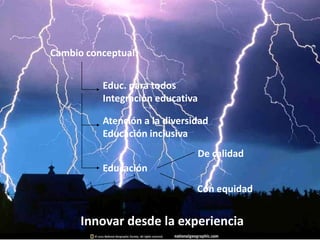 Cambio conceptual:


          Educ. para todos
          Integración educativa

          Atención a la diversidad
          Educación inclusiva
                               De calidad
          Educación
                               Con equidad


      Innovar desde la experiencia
*****
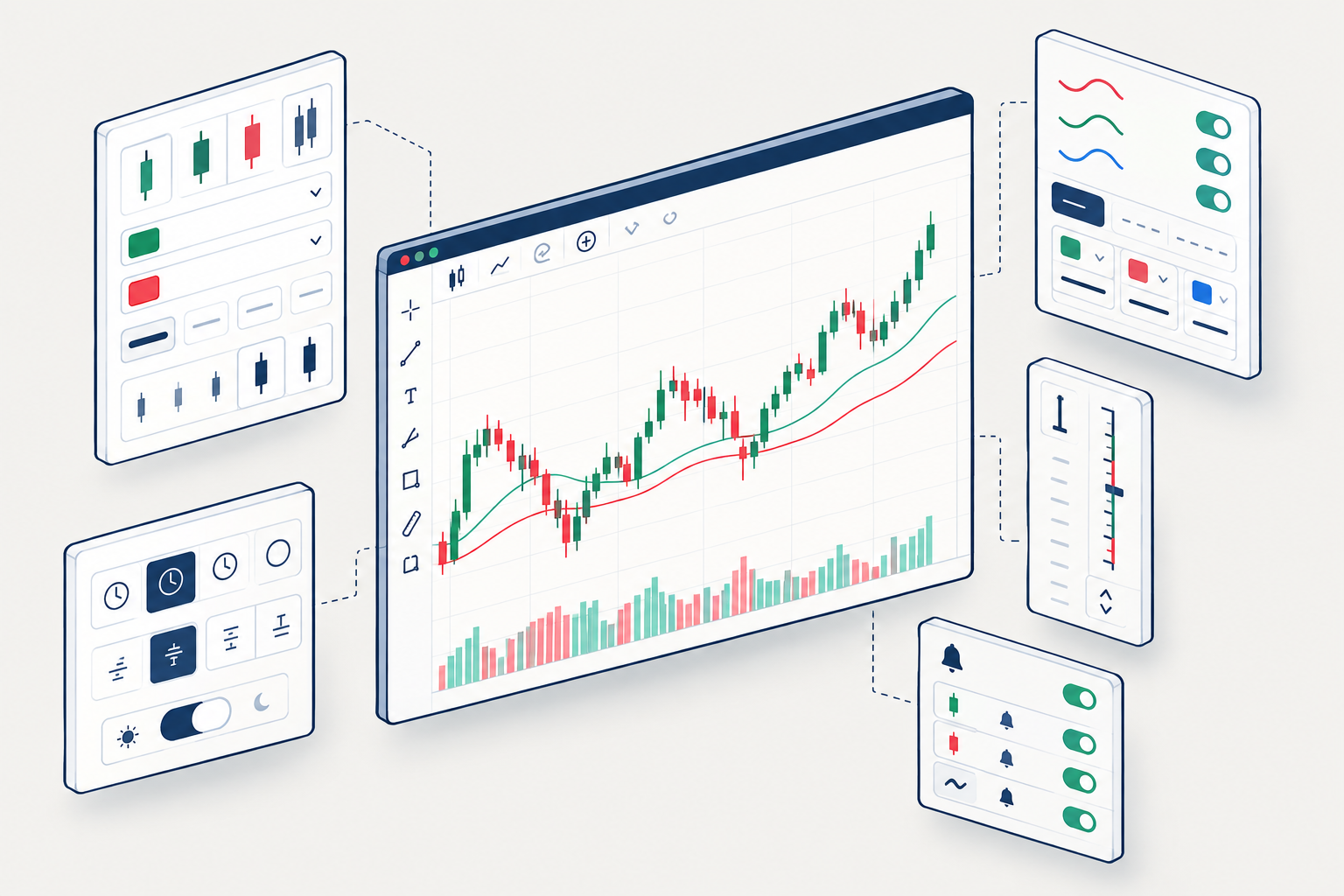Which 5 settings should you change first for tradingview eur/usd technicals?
*****
### WORK ORDER
Set down only the lines above that fall between the line holding "Integración educativa" and the line holding "Innovar desde la experiencia", inclusive, keeping each exact.

### EXPECTED OUTPUT
          Integración educativa

          Atención a la diversidad
          Educación inclusiva
                               De calidad
          Educación
                               Con equidad


      Innovar desde la experiencia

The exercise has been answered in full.